[DATA SUPPLIED — start]

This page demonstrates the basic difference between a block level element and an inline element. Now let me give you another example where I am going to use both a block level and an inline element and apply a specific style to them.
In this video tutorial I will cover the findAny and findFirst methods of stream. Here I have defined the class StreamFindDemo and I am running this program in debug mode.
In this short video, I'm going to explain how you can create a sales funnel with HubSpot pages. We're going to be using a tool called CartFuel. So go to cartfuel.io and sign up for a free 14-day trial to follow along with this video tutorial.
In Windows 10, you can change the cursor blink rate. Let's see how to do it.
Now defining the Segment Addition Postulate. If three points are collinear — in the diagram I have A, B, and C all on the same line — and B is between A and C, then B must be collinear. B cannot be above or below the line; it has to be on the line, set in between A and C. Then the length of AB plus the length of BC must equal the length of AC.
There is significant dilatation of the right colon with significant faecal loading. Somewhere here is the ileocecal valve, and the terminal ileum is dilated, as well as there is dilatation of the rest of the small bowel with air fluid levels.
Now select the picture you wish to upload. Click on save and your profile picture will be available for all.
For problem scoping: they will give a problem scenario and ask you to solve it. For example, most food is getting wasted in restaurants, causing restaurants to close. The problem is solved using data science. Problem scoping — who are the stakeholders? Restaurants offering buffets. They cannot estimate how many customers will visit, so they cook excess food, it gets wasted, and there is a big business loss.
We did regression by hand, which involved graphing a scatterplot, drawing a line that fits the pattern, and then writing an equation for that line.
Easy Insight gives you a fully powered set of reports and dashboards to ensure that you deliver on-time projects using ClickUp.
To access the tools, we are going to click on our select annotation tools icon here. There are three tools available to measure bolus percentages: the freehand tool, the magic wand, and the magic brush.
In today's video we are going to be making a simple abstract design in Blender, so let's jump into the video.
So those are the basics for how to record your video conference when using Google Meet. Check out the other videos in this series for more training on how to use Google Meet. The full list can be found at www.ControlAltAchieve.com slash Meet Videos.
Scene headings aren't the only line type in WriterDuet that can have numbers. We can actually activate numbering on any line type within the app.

[DATA SUPPLIED — finish]
[DATA SUPPLIED — start]

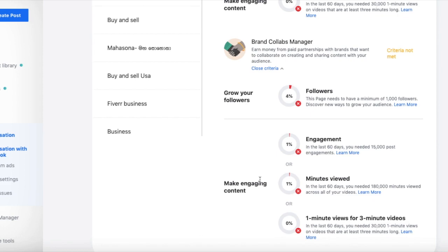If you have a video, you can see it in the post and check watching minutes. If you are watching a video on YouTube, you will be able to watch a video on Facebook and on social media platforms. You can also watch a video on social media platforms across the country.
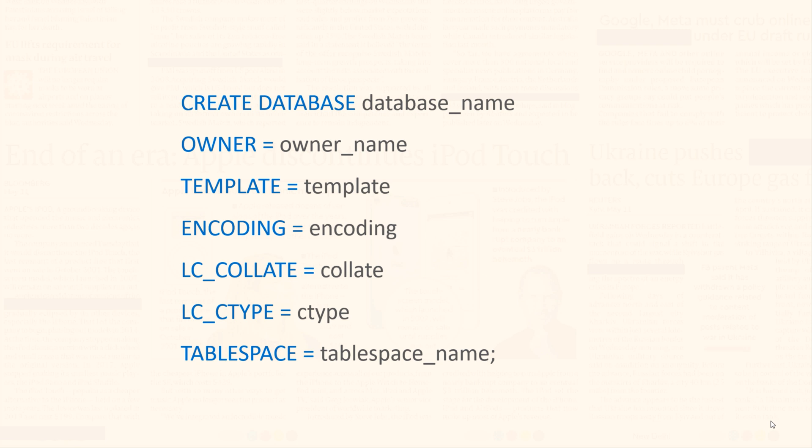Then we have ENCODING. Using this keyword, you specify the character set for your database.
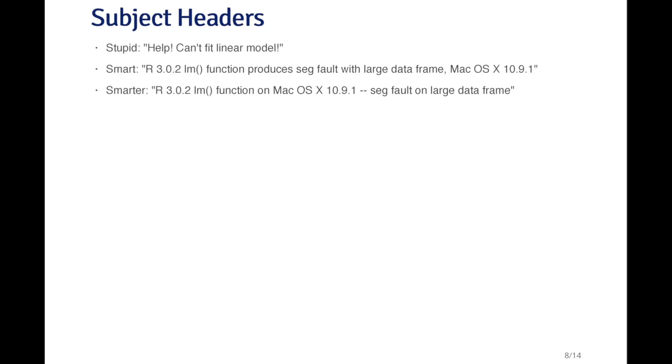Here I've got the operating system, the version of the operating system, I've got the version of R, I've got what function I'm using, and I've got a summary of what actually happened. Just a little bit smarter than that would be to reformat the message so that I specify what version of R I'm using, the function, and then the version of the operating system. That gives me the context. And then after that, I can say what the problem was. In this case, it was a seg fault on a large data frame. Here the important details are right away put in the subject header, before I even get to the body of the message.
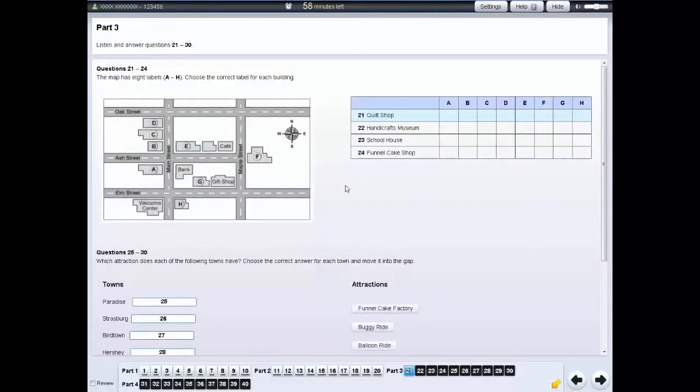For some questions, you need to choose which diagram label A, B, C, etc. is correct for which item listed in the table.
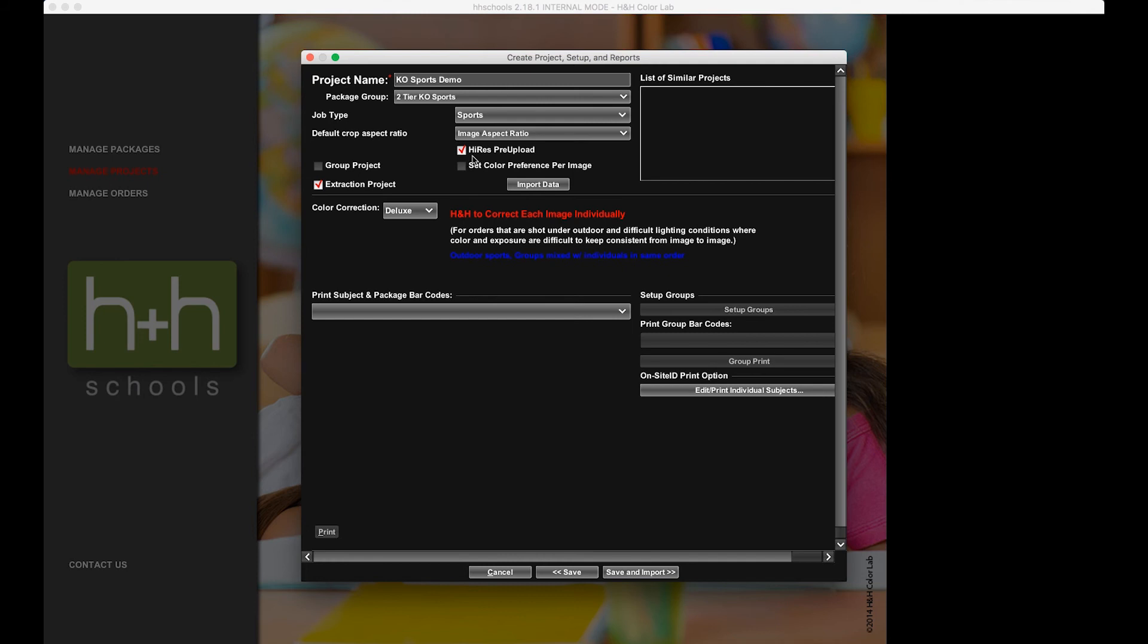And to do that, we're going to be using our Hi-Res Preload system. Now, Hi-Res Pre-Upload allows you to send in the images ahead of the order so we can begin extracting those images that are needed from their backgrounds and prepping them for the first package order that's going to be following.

[DATA SUPPLIED — finish]
[DATA SUPPLIED — start]

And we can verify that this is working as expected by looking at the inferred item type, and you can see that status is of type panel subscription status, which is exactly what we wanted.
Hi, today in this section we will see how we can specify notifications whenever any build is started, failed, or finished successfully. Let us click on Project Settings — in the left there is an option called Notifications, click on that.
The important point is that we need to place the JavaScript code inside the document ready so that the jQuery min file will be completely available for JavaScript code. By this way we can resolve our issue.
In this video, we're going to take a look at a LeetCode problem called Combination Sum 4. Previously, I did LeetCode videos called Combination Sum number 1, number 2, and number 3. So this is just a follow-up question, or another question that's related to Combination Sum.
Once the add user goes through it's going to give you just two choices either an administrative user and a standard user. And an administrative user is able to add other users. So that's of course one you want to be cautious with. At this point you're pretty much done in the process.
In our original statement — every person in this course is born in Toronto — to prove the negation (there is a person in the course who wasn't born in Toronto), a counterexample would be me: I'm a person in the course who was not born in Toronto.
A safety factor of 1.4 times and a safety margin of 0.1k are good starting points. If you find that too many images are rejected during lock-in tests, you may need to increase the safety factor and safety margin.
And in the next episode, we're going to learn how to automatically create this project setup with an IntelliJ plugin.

[DATA SUPPLIED — finish]

**WHAT IS EXPECTED:** The answer should consist of every line above in which "course" appears.

**EXPECTED OUTPUT:**
Once the add user goes through it's going to give you just two choices either an administrative user and a standard user. And an administrative user is able to add other users. So that's of course one you want to be cautious with. At this point you're pretty much done in the process.
In our original statement — every person in this course is born in Toronto — to prove the negation (there is a person in the course who wasn't born in Toronto), a counterexample would be me: I'm a person in the course who was not born in Toronto.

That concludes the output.